Governor Eric Holcomb announced details for the fourth round of the Next Level Trails (NLT) grant program, which will dedicate an additional $30 million to connect communities through more hiking, biking, and riding trails across the state.
As part of the governor’s Next Level Connections initiative, NLT is the largest infusion of trails funding in state history. The now $180 million program is administered by the DNR and facilitates critical trail connections within and between Hoosier communities. To date, NLT has awarded $150 million to 75 projects across the state.
The fourth round will award up to $22.5 million to regional projects and up to $7.5 million to local projects. The application period for the fourth round begins July 1 and ends Aug. 1 at 5 p.m. ET/ 4 p.m. CT. Eligible applicants include units of government or 501(c)(3) nonprofit organizations. Applicants are limited to one application per round.
In addition to the major announcement, Gov. Holcomb joined officials from Elkhart to celebrate the opening of the River Greenway Trail. The 1.86-mile asphalt trail was built with help from a $642,600 NLT grant awarded in 2021 as part of the second round of NLT grant funding.

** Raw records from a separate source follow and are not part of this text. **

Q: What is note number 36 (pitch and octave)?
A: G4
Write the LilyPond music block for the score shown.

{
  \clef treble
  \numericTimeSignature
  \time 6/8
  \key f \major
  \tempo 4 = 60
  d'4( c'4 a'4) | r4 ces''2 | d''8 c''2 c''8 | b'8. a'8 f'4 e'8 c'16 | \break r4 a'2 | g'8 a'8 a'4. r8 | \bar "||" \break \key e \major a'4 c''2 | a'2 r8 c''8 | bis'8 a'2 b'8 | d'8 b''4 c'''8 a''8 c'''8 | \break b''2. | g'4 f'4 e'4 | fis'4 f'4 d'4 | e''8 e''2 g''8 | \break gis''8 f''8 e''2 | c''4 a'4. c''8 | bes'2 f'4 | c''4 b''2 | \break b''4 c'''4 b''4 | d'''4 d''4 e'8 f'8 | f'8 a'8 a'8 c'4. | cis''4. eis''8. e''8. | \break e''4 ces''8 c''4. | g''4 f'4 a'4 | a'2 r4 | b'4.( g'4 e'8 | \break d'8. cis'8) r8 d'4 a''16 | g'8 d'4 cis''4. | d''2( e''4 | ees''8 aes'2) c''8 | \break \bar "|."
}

The new paved trail follows the Elkhart River and connects to the existing Mapleheart Greenway at Hively Avenue to create a contiguous link between Elkhart and the City of Goshen. The project also creates a connection between the Elkhart Environmental Center, Studebaker Park, Mary Beck Elementary School, and Elkhart High School. Key partners include the City of Elkhart Redevelopment Commission, Elkhart Convention and Visitors Bureau, and the Elkhart County Community Foundation.
Including the River Greenway, 17 of the 75 NLT projects are complete, totaling 54.3 miles of trail built since the program’s inception in 2018.
More information about the fourth round of Next Level Trails can be found here: https://www.in.gov/dnr/state-parks/recreation/grants/next-level-trails/applicant-information/
I never see anyone using the existing trails. Around the country trails are magnets for crime, especially violent or sexual crimes. I need to see a plan for security on any trail built. Where is the money coming from. If it is gas tax money that is wrong. Gas taxes are for roads.
$186 million seems like a lot, but with nearly 7 million Hoosiers it works out to about $27 per resident. $104 for a family of four is a pretty good one time investment to some hiking and biking trails, especially with roads being generally unsafe because drivers like to video chat while they commute.
I was out at the Elkhart Envirocenter within the last year, and Jake (the guy in charge there) seems to genuinely care about doing right by the citizens. He was very excited about this trail, and I can see the benefit to it.